ATLAS Trigger and Data Acquisition Upgrades for the High Luminosity LHC 高亮度LHC的ATLAS触发和数据采集升级

2018 IEEE 14th International Conference on e-Science (e-Science)

Pub Date : 2018-10-01 DOI: 10.1109/eScience.2018.00097

M. E. Astigarraga

The ATLAS Collaboration

ATLAS合作

引用次数: 3

Toward VR Eventscapes for Spatio-Temporal Access to Digital Maritime Heritage 面向数字海洋遗产时空访问的VR事件场景

2018 IEEE 14th International Conference on e-Science (e-Science)

Pub Date : 2018-10-01 DOI: 10.1109/eScience.2018.00129

M. Kraak, Andreas Weber, J. V. Lottum, Y. Engelhardt

This abstract sketches the basic design of a prototype that enables the proper display, exploration, and analysis of historical shipping data in an adaptable WebVR environment. In the environment users will be able to create visually networked ‘eventscapes’ which allow to identify spatio-temporal patterns in digitized maritime heritage and similar datasets.

这个抽象草图的原型的基本设计，使适当的显示，探索和分析历史航运数据在一个可适应的WebVR环境。在该环境中，用户将能够创建视觉网络化的“事件场景”，从而识别数字化海洋遗产和类似数据集中的时空模式。

引用次数: 0

Extracting Flood Maps from Social Media for Assimilation 从社交媒体中提取洪水地图进行同化

2018 IEEE 14th International Conference on e-Science (e-Science)

Pub Date : 2018-10-01 DOI: 10.1109/eScience.2018.00045

Etienne Brangbour, P. Bruneau, S. Marchand-Maillet

This abstract states the position of the Publimape project, and unveils progress achieved since its recent start.

这篇摘要陈述了Publimape项目的立场，并揭示了自最近开始以来所取得的进展。

引用次数: 5

Navigating Sea-Ice Timeseries Data using Tracklines 使用轨道线导航海冰时间序列数据

2018 IEEE 14th International Conference on e-Science (e-Science)

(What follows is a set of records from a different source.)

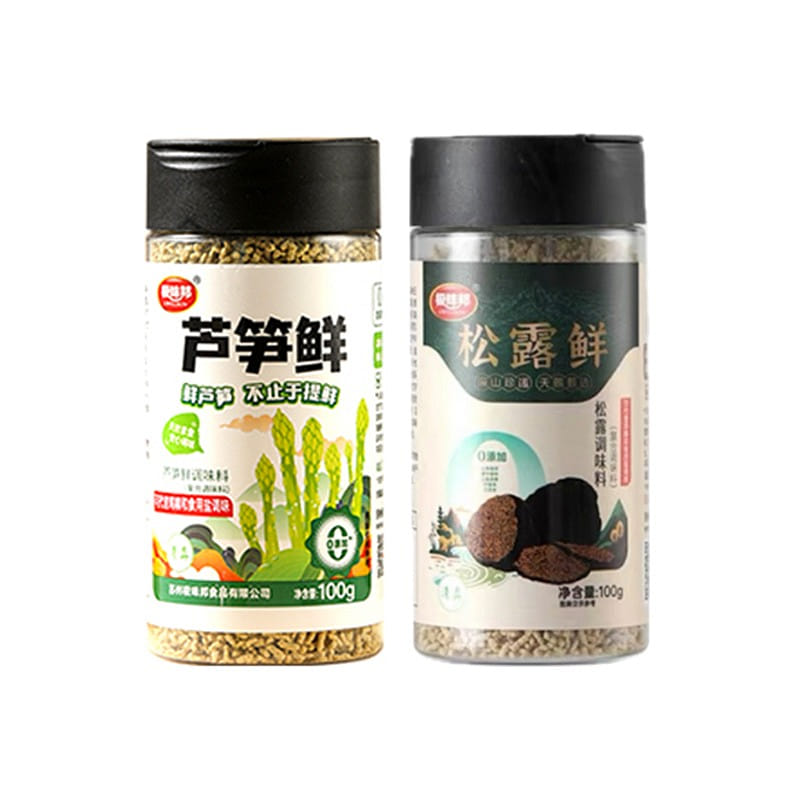JiWEIBANG Asparagus & Truffle Seasoning 1 of each 100 กรัม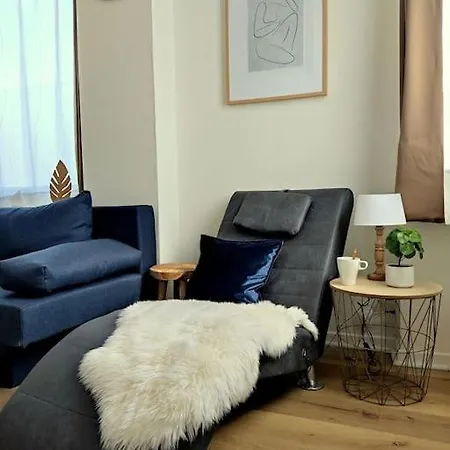 Apartmán Nouveau*le Bois Etoile*balneo*massage*detente*wifi*netflix*self-checkin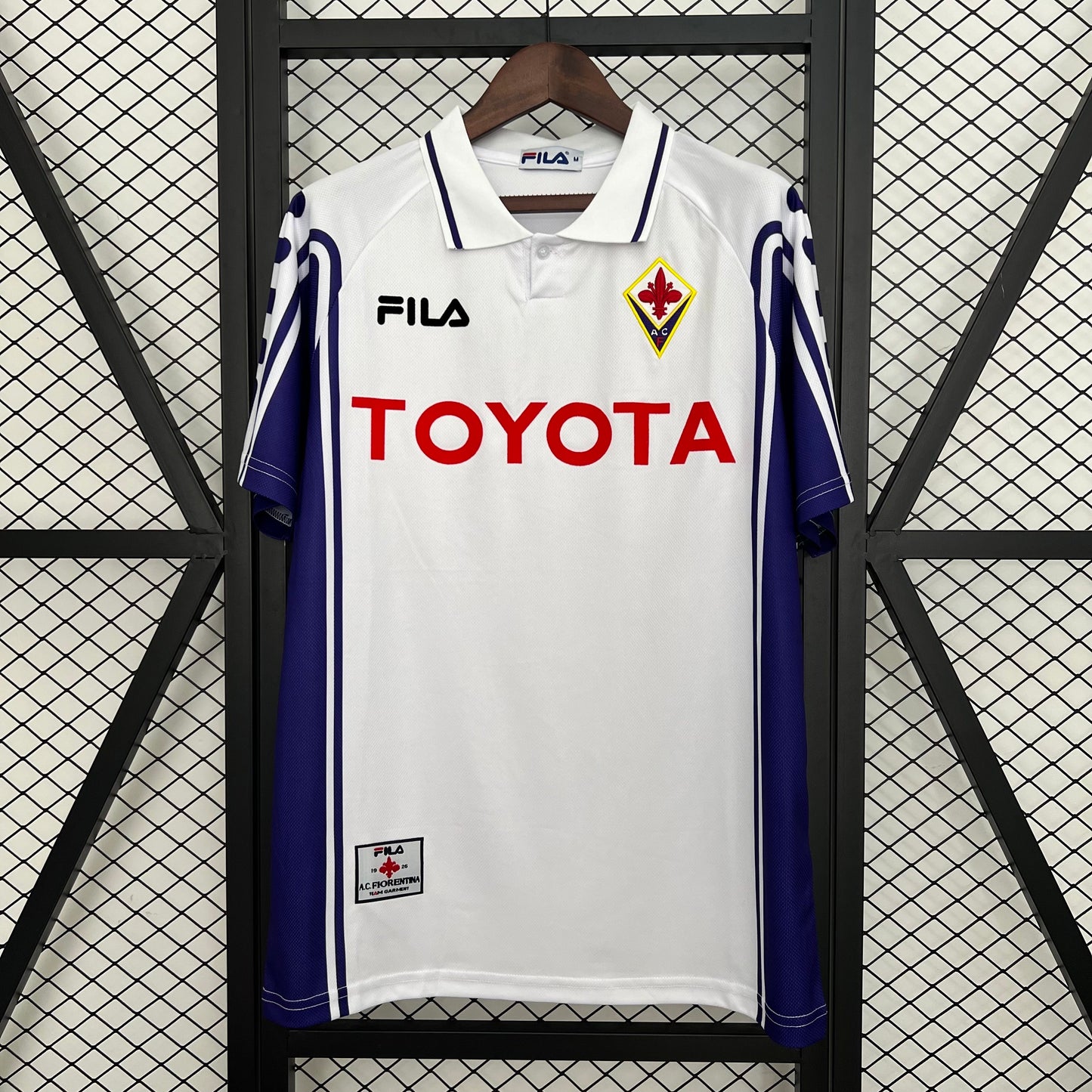 Fiorentina Retrô 1999/00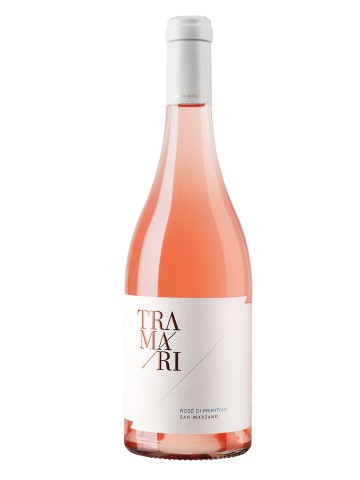 San Marzano Tramari Rose di Primitivo Salento 0.75L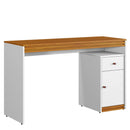 MESA DE ESTUDO MADRID 1 PORTA  1 GAVETA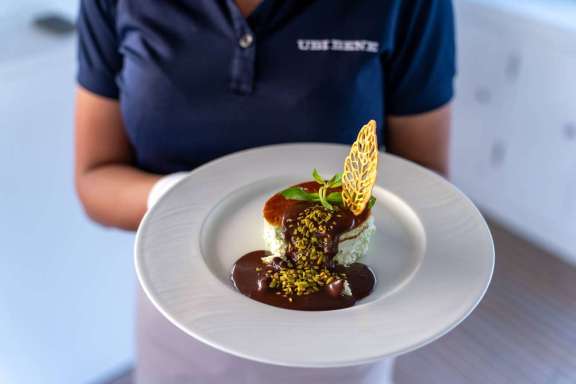 Image of UBI BENE yacht #9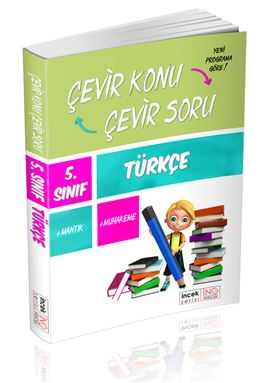 5.Sınıf Türkçe Çevir Konu Çevir Soru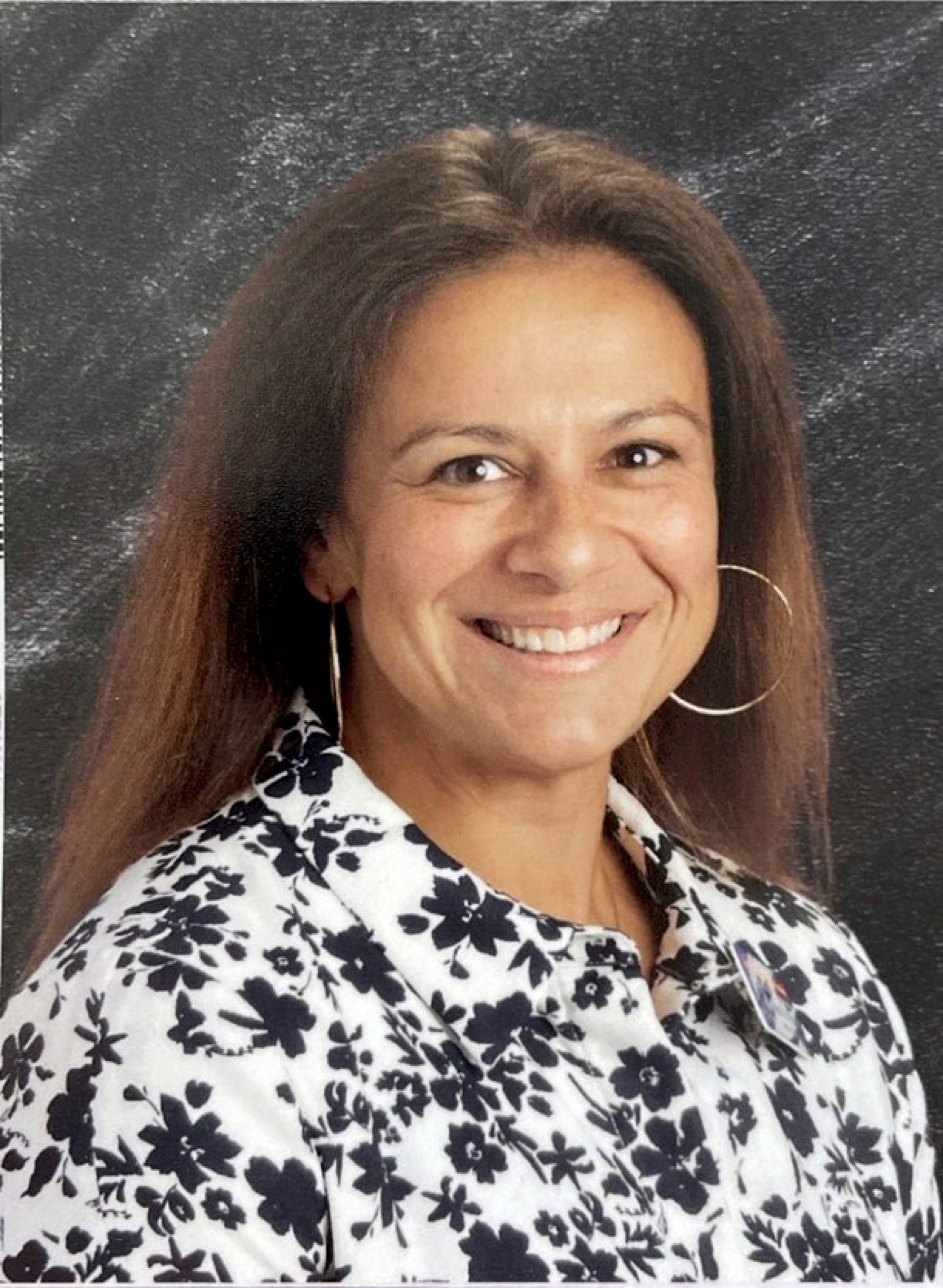 Samantha Serrano - PhD in Geographic Education Graduate Spring 2025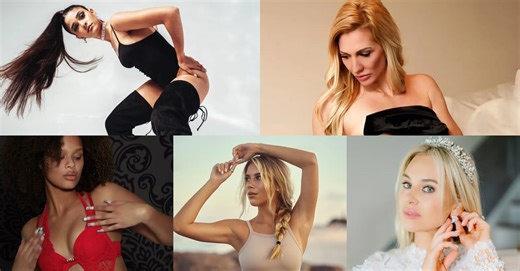 Maxim Cover Girl Competition Spotlight: Katherine Fitzpatrick, Gisela Cantres-Toro, Bella Reva, Aaliyah Nyetera & Heather D'Urso - Maxim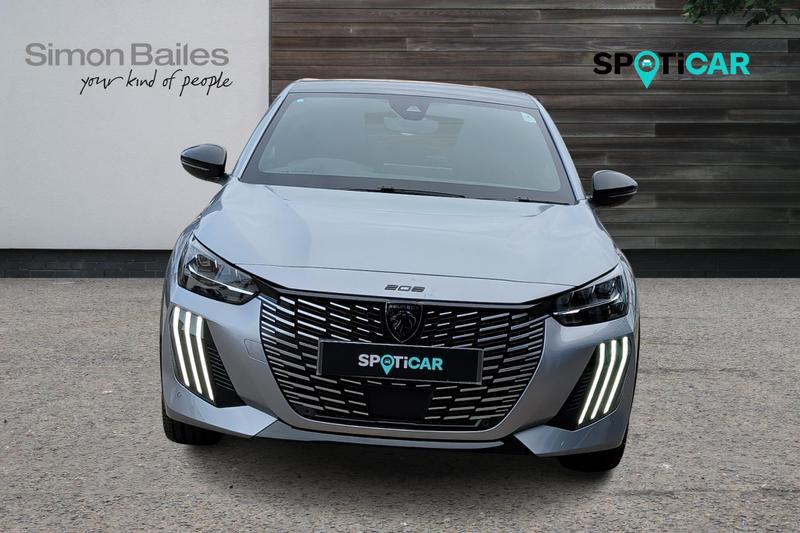 Used Peugeot 208 KJ73YTS 2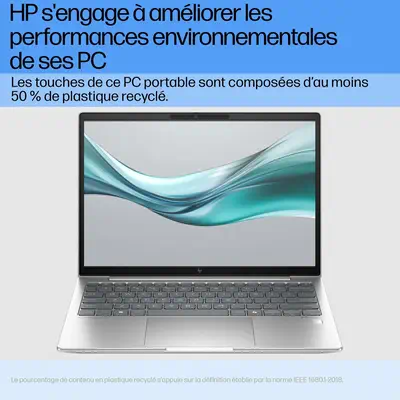 HP EliteBook G11 Intel Core Ultra 7 155U Ordinateur portable 33,8 cm (13.3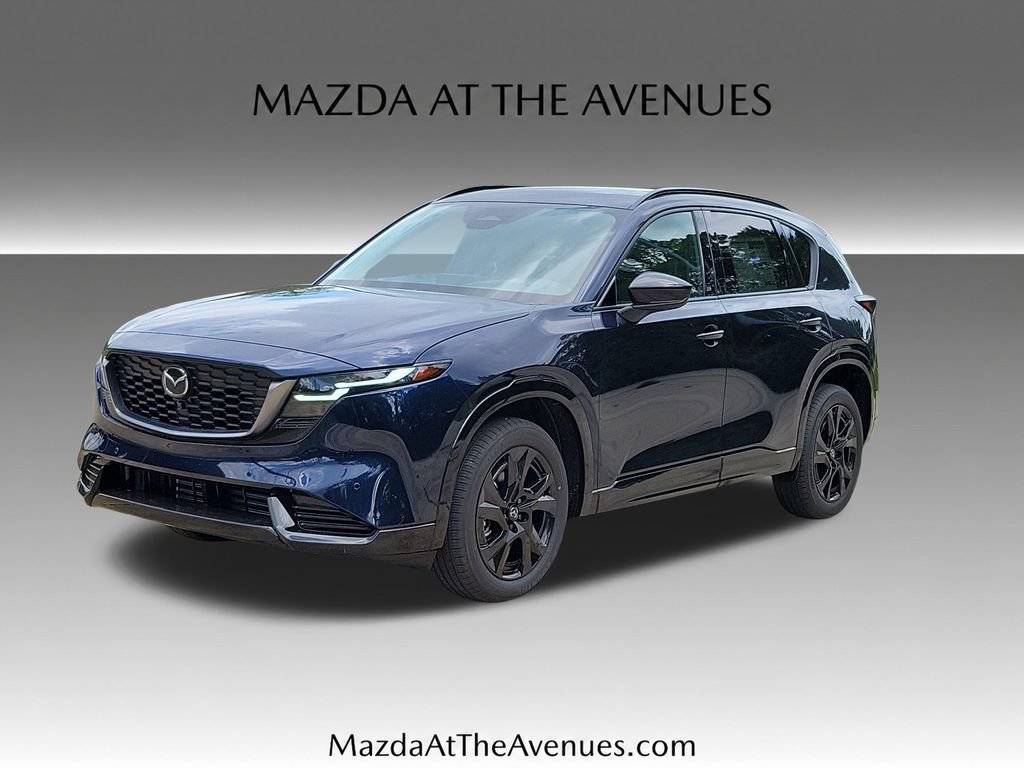 New 2026 MAZDA CX-5 2.5 S w/ Premium Plus Package AWD/4WD 360° Tour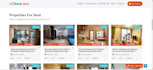create a real estate website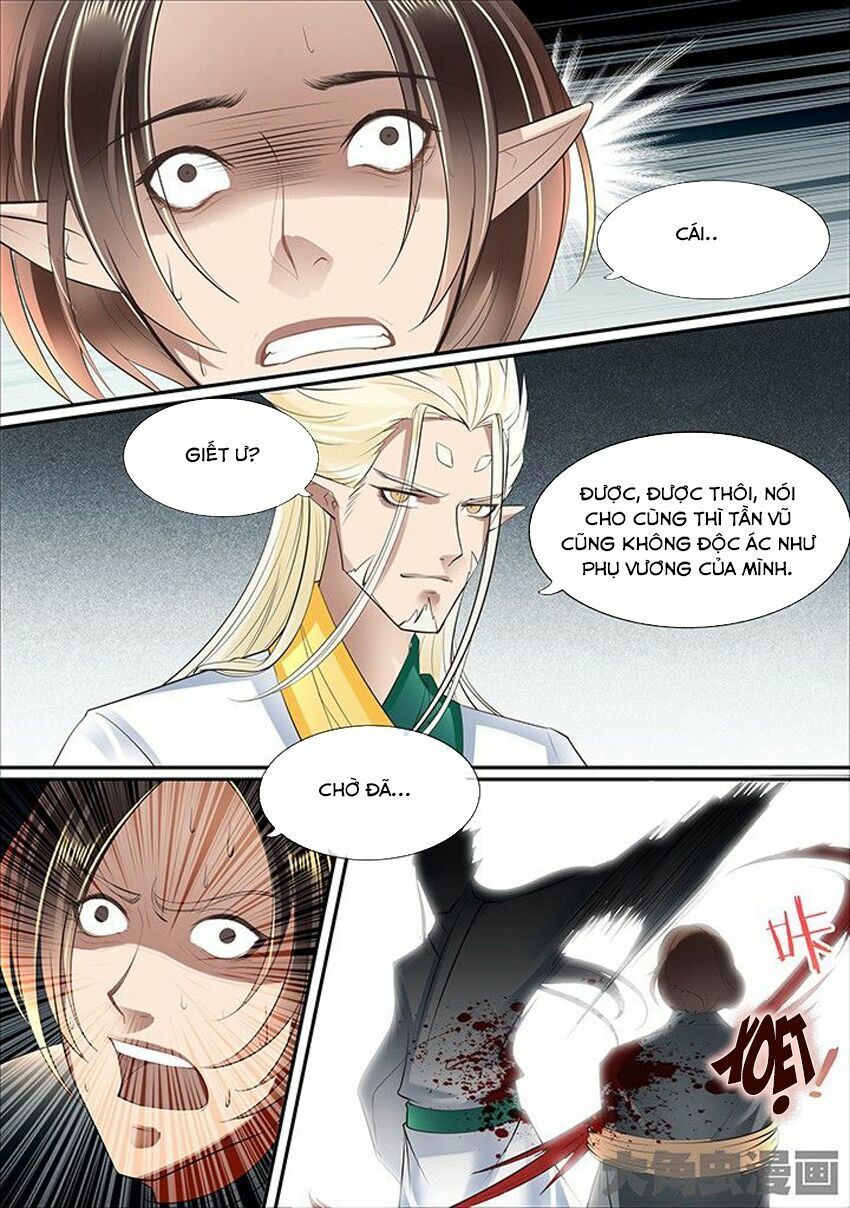 đọc truyện Tinh Thần Biến Chương 371 ảnh 8 tại Thiên Thai Truyện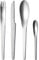 Georg Jensen GJ 106093 Besteck Set Matt, 16 Stück, Edelstahl, stainless steel, 8,1 x 19 x 26,2 cm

Pub Date : 2018-10-01 DOI: 10.1109/eScience.2018.00115

Brennan Bell, T. Dinter, Vlad Merticariu, B. P. Huu, D. Misev, P. Baumann

Scientists are often interested in sampling buffered regions of data across multiple time-slices in array datacubes. For instance, in studying sea-ice distributions, a string of geographic coordinates with timestamps are requested, representing a sample or ship track line of a measurement campaign. A defined region is sampled around each of those data points using a nearestneighbour approach in time and a buffer or polygon clipping in the spatial domain. Objectively, such queries can be handled discretely across the time domain, as there is no temporal interpolation, and as a result, the tiling of extracted rasters is well-defined by the tiling of the source data. What happens when the resulting object should also be represented by a 3-D raster, such as in the case where the trackline consists of continuous buffered sampling across the timeseries? Spatio-temporal data is typically stored in chunked 3-D arrays, where multiple time-slices appear in the same "tile" or subarray. Unlike the discrete version, tracing out a polygonally-shaped buffer along a ship’s path in a 3-D spatio-temporal datacube leads to shearing across the spatial tiles in the result raster, and this shearing prevents an a priori tiling of the result. Here, we present several approaches to tiling the result raster, and we provide a mathematical investigation of the impact these approaches can have on performance. To substantiate the theoretical investigation, an implementation and performance benchmarks on the different tiling approaches are provided, and the implementation is demonstrated on sea-ice data as a casestudy. In future work, we discuss different approaches towards parallelization utilizing these techniques as a basis for thread-safety, establishing the results on arbitrary R+ trees and extending these results to R* trees.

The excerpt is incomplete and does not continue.